Quality healthcare equals survival, at least for senior citizens at risk for declining health, according to a report in the current issue of the Annals of Internal Medicine.
While the study could not prove that lower quality of care causes death, it does suggest that higher quality of care increases survival rates for this population -- news that Neil Wenger, M.D., a co-author of the report, said is both historic and vitally important.
"This is the first study that looked at older patients and asked, 'Do patients who get better care do better?' " said Wenger, a University of California Los Angeles professor of medicine and researcher at Rand Health, a healthcare policy research division of the Rand Corp. think tank. "It pretty decisively says 'Yes.' This screams at me to make sure they get high-quality care."
The study, which was part of a joint project between Rand and drugmaker Pfizer called "Assessing the Care of Vulnerable Elders," looked at managed-care records for 372 patients age 65 and older and who were considered at high risk for worsening health within two years. The study was conducted between July 1, 1998, and July 31, 1999. A check of their mortality rates found that more patients who received a higher percentage of the recommended care for their conditions were alive after three years compared with those who received a lower percentage.
The patients' average age was 81, and the researchers identified 236 acts of medical care, or quality indicators, for the 22 different clinical areas for which the patients in the sample required medical attention.
For the various combinations of comorbid conditions these patients had, the report said there was evidence suggesting that each one should have received between eight to 54 different preventive, diagnostic, treatment or follow-up acts or quality indicators, with an average of 21 per patient.
On average, the researchers found the patients received 53% of the recommended care for their conditions. The researchers then split the sample in half and found the top half, which on average received about 62% of the recommended care, had an 18% mortality rate after three years, compared with a 28% mortality rate for the lower half, which on average received 44% of the recommended care.
"This suggests that poor quality of care translates into worse patient outcomes," Wenger said. "Quality is associated with survival."
Wenger, however, noted that survival might not be the most important outcome for older patients who place a higher value on quality of life or ability to function or live at home rather than in an institution.
Eighty-six patients, or 23%, died within three years, with the leading causes of death being cardiovascular disease (27%), respiratory disease (21%) and cancer (12%).
Patients in the top half received from 52% to 88% of the recommended care, while those at the bottom half received between 22% and 52%.
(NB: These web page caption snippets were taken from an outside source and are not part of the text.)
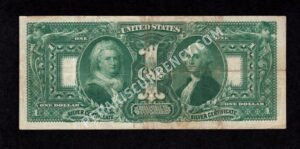 Silver Cert. 224 1896 $1 typenote Back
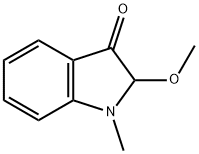 3H-Indol-3-one,1,2-dihydro-2-methoxy-1-methyl-(9CI) Struktur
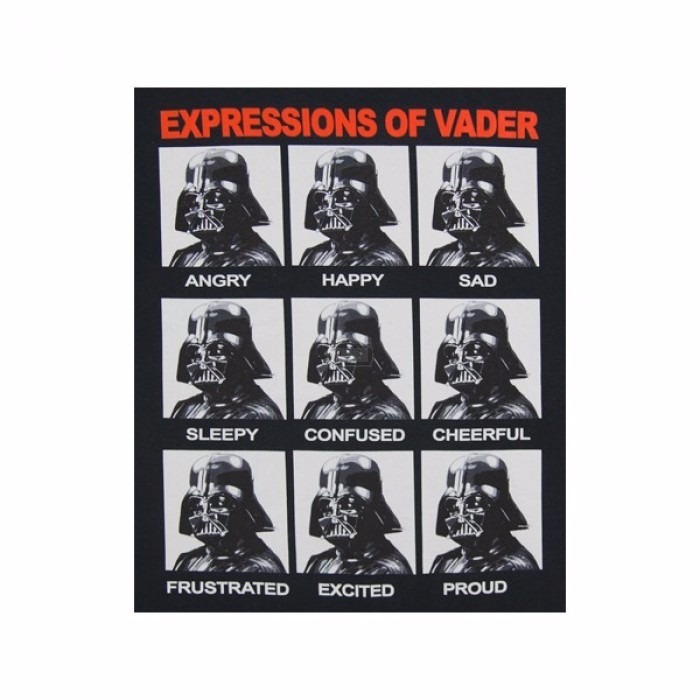 camiseta unissexstar wars expressions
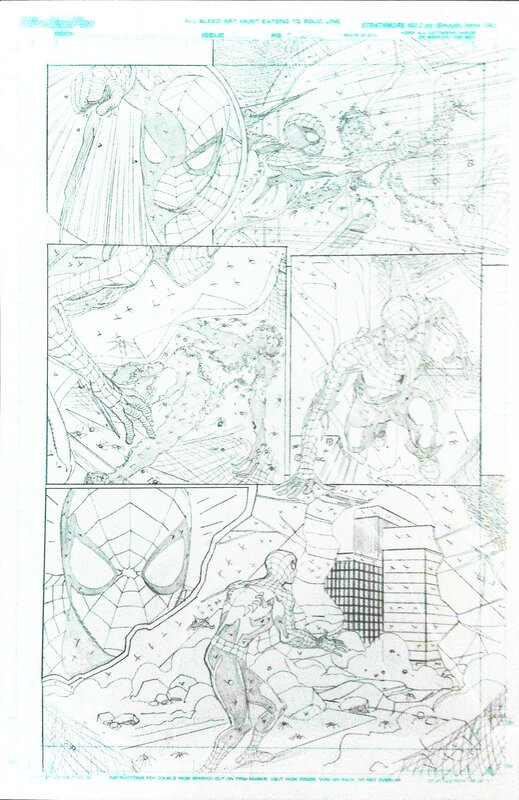 Mike Wieringo, The friendly neighborhood Spider-Man n. 4 p. 22 - Planche originale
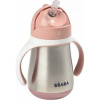 Beaba Hrnek termoizolační s brčkem nerez 250ml Pink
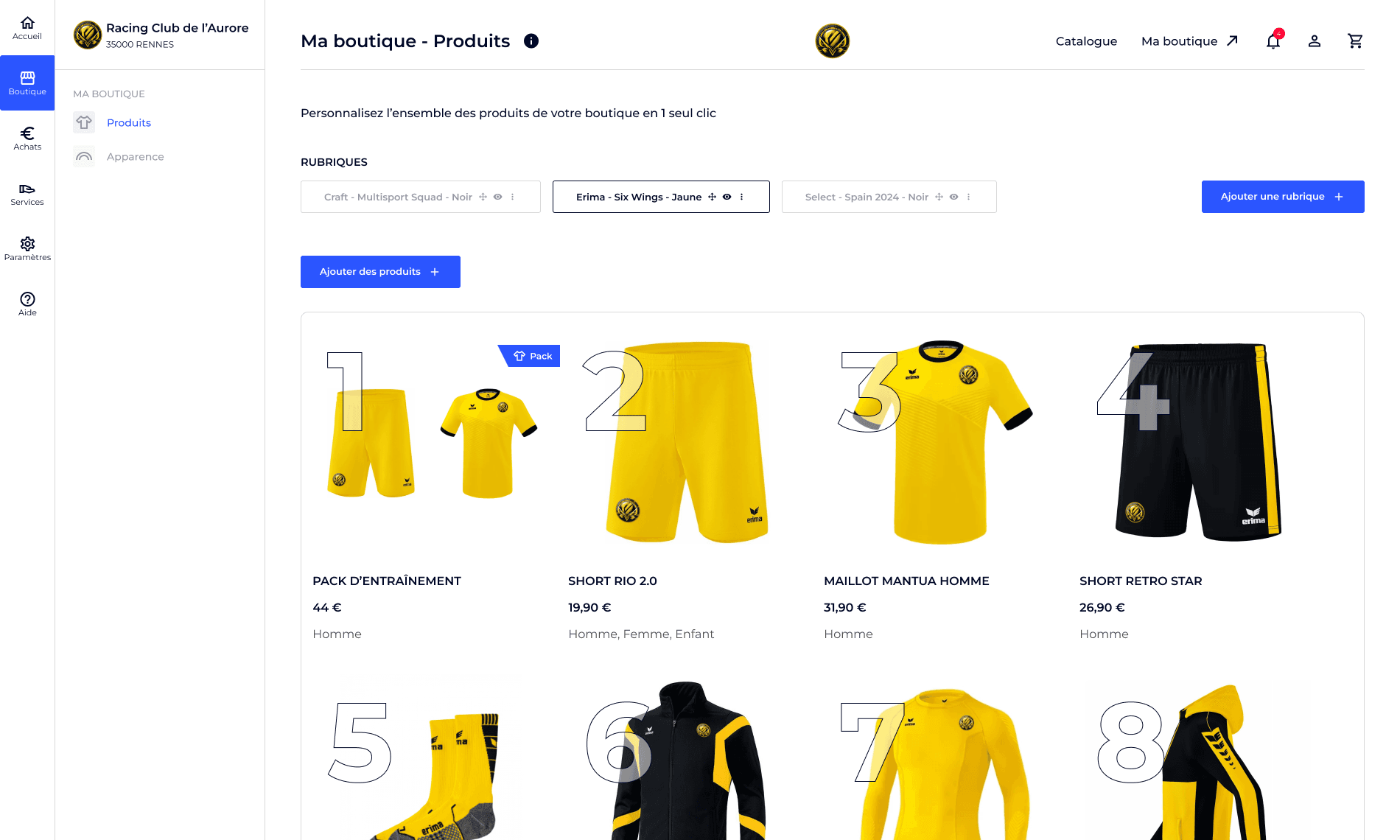 Illustration du site Sports-Village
"It really is a problem because doctors will get all sorts of feedback on whether they're using the right drug, but very little feedback on preventive practices," Wenger said, who added that the response he and his colleagues have received regarding this study has been positive.
"Most of the feedback we've received is that this is a real wake-up call -- the care that we provide is not meeting the needs of our older patients," he said.
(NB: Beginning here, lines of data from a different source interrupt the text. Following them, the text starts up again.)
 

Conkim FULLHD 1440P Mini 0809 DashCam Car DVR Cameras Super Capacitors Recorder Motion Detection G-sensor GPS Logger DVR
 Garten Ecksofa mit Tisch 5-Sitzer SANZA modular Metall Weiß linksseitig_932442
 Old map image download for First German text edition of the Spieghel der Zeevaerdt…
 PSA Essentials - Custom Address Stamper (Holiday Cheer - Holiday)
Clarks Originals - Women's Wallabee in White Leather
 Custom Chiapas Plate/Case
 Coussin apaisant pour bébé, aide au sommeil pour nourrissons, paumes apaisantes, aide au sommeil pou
Dvid Schulke, executive vice president of the American Health Quality Association, which represents healthcare quality improvement organizations, said the study added to a small but growing body of evidence that showed how using process measures was an effective way of predicting mortality and evaluating quality. He further explained that the use of quality indicators was a "process measure," but that these indicators themselves should not be considered measures.
"There are too many 'confounders' in the way, so indicators don't tell you about the health of a patient, but they help you manage the care of the patient," Schulke said.
He said that without the use of information technology to help sort things out, medical records for older patients become nothing more than "just a stack of paper with a clip."
"Coordination of care becomes exponentially more difficult with each specialist added," Schulke said. "This shows why you need a prayer to get it done without IT."
The study took into account the health of the patients, and Wenger said it didn't appear that there was a difference in quality of care received by the sicker patients. Although it wasn't found in the study, Wenger said he has heard anecdotally that quality goes down for some sick patients who see multiple specialists because physicians may skip certain tests, treatments or procedures, assuming these are already being performed by another specialist on the patient's healthcare team.